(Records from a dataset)
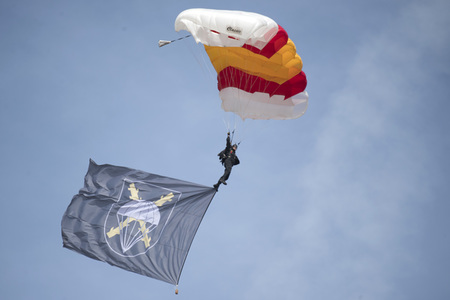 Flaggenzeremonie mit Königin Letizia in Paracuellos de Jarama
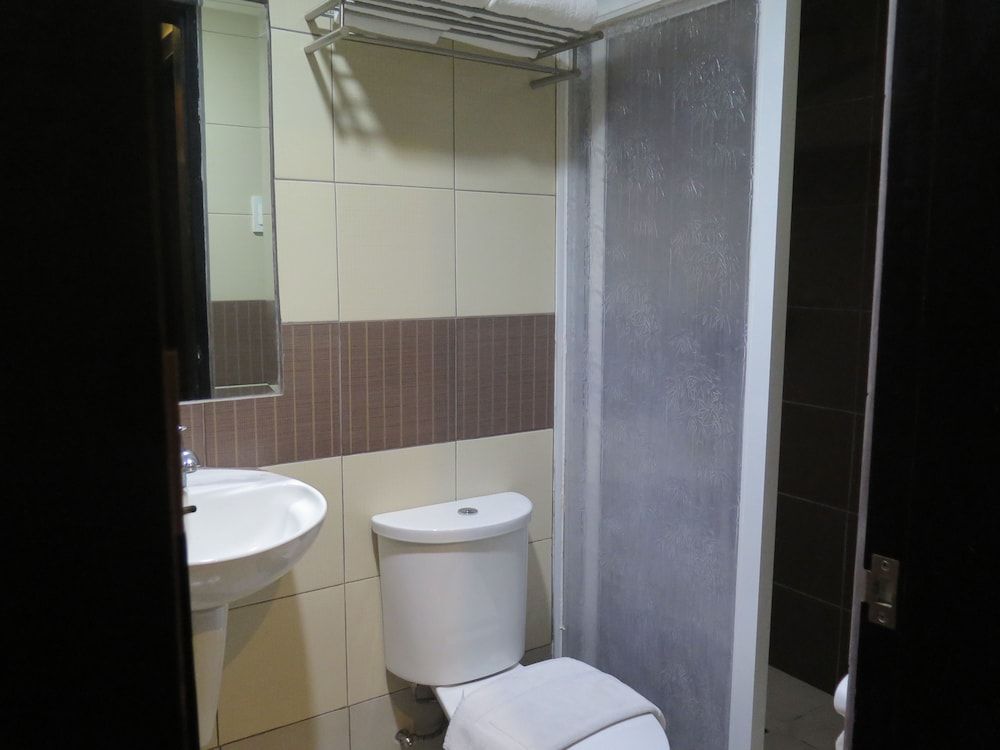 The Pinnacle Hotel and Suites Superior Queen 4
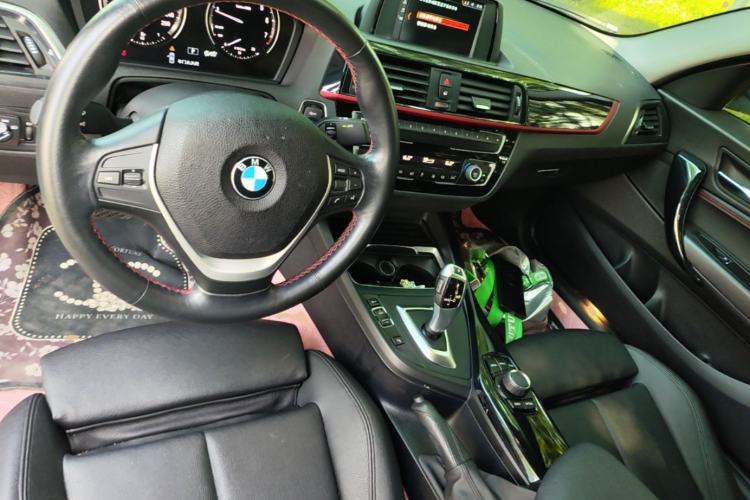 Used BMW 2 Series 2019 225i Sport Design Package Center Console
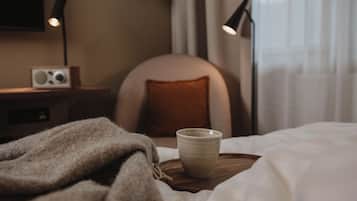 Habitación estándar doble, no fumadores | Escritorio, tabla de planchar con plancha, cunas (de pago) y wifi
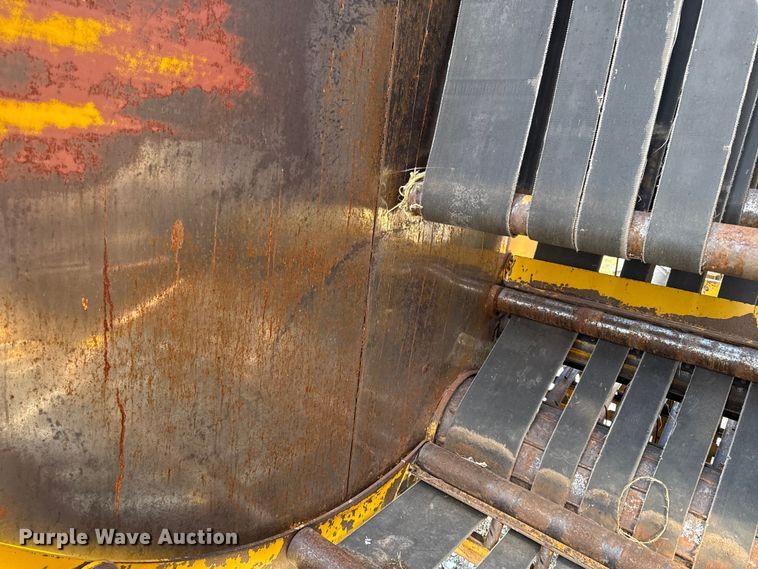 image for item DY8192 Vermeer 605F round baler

## What to do:
Apart from the pictures, write every entry out again exactly.

## Written response:
 Flaggenzeremonie mit Königin Letizia in Paracuellos de Jarama
 The Pinnacle Hotel and Suites Superior Queen 4
 Used BMW 2 Series 2019 225i Sport Design Package Center Console
 Habitación estándar doble, no fumadores | Escritorio, tabla de planchar con plancha, cunas (de pago) y wifi
 image for item DY8192 Vermeer 605F round baler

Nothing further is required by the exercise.